全国の強豪校から選手が入学してくるため、井元は大学1、2年時はずっと下のチームにいた。先輩がけがをするなどうまくいってもCチームで、大学1年の最後は、グラウンドに出て練習しない、体作りをするEチームで終わってしまった。

当然、Aチームと練習をする機会はなかった。早稲田大ラグビー部に所属しているのに、主将だったSH齋藤直人(東京サンゴリアス)らは「まだテレビで見ているような選手で、大学選手権で優勝しても早稲田大強いな、と自分事ではなかったですね」と振り返る。

スクラムは「歯磨き」と呼ばれるまでに

転機となったのは2年生の夏の終わり。ラグビー部の第2寮に入ったことだった。上のチームにいる選手ばかりの寮生と一緒にウェートトレーニングすることができるようになり、入学時に75kgだった体重が、最終的には95kgを超えた。ベンチプレスは40kg増の140kg、スクワットも40kg増の220kgを上げることができるようになった。

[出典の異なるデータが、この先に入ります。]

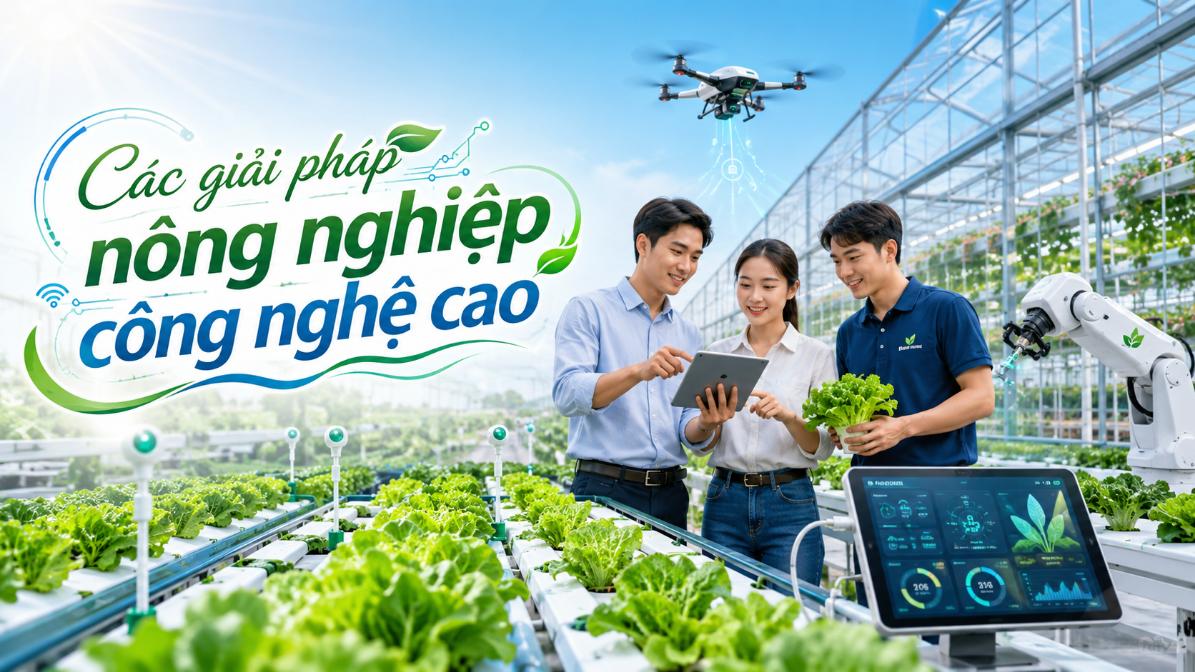 Các giải pháp nông nghiệp công nghệ cao
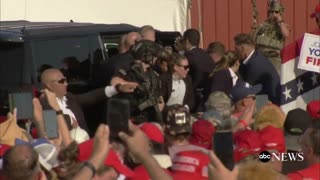 Video shows moment of assassination attempt at Trump rally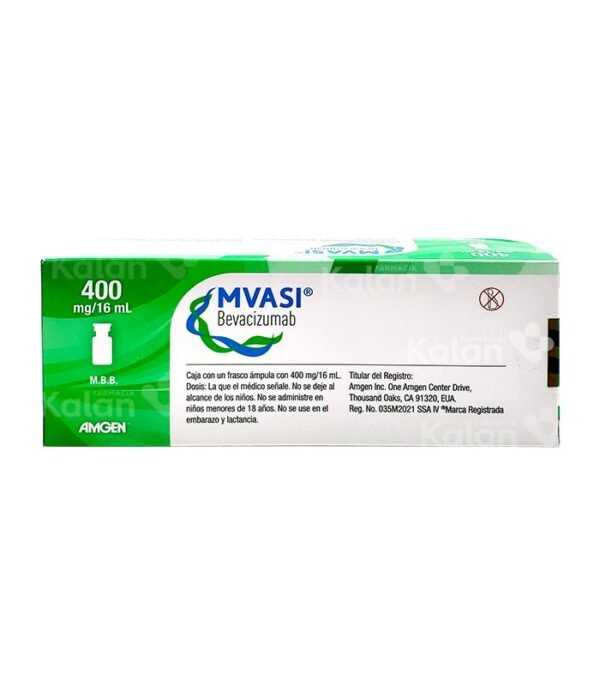 Bevacizumab MVASI al mejor precio en Kalan Farmacia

体もできてきた大学3年の春、けが人が出たこともあり、当時の副将だったPR小林賢太(東京サンゴリアス)の控えとして、17番をつけて試合に出られるようになり、春季大会で数分だったが初めて公式戦にも出場した。しかし「17番で出ていることに満足していた。17番でいいや」と満足していたことを大田尾竜彦監督に見抜かれ、再びCチームまで下がってしまった。努力を重ねてBチームまで上がったものの、大学3年時も対抗戦に出場することはかなわなかった。

4年になると、井元はコンスタントにAチームで練習することができるようになった。一つ上の学年で試合に出ている選手が多く「自動的にAチームに上がった。実力ではなかった」と話す。ただスクラムに対する取り組みは「劇的に大きく変わった」。昨季までスポットコーチだった元日本代表PR仲谷聖史氏が、フルタイムのアシスタントコーチに就任した影響が大きかった。

昨季は「週末にスクラムを組んでいる」状況だったが、今季は「歯磨き」と呼ばれるように習慣となり「少しでも毎日、スクラムがある」という環境になった。

「自分が自分がという意識ではなく、周りに寄り添うというか、スクラムのマインドが変わり、8人で押すという形ができてきた。 例えばFL(フランカー)の選手だと『どうせ押されるから』とスクラム後に意識がいっていたが、FLの選手もスクラムにフォーカスして、8人で押すという意識に劇的に変わった」

ライバルの明治大相手にも、ひるまずスクラムを押した

昨年9月、念願の対抗戦初出場

HO(フッカー)だった川﨑太雅(3年、東福岡)がPRに転向したことで、ポジションを奪われたときもあった。だが井元は昨年7月、静岡ブルーレヴズへの出稽古で存在感を示して再び1番を奪い返した。昨年9月、関東対抗戦の初戦・青山学院大学戦で初めてアカクロを着てピッチに立った。

「対抗戦に初めて出たときはすごく緊張もしましたがうれしかったですね!早実でもアカクロを着ましたが、大学では140人の重圧があり、いい意味でプレッシャーもありジャージーの重みが違う。出ていない選手のためにも下手なプレーはできないですから」

最終学年の青山学院大戦で対抗戦デビューとなった井元(右端)

思い出に残る試合を聞くと、2戦目の筑波大学戦を挙げた。雨の中の試合だが、早稲田大はスクラムで有利に立ち、ペナルティーを奪うと、PGで得点を重ねたことが功を奏して23-17で勝利。「苦しい試合展開でしたが、(PGで)刻んだ結果、勝利でき、自分がちゃんとチームに貢献できた気がしました」と振り返った。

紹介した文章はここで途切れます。